RECORDED DATA →
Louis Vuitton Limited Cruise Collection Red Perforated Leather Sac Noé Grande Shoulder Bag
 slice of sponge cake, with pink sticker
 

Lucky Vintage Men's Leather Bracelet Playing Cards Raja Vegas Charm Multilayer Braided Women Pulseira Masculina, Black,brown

ABOUT THIS EXERCISE →
From the line containing "slice of sponge cake, with pink sticker" to the last line of the material, please quote every line exactly and only those.

RESPONSE TO THE EXERCISE →
 slice of sponge cake, with pink sticker
 

Lucky Vintage Men's Leather Bracelet Playing Cards Raja Vegas Charm Multilayer Braided Women Pulseira Masculina, Black,brown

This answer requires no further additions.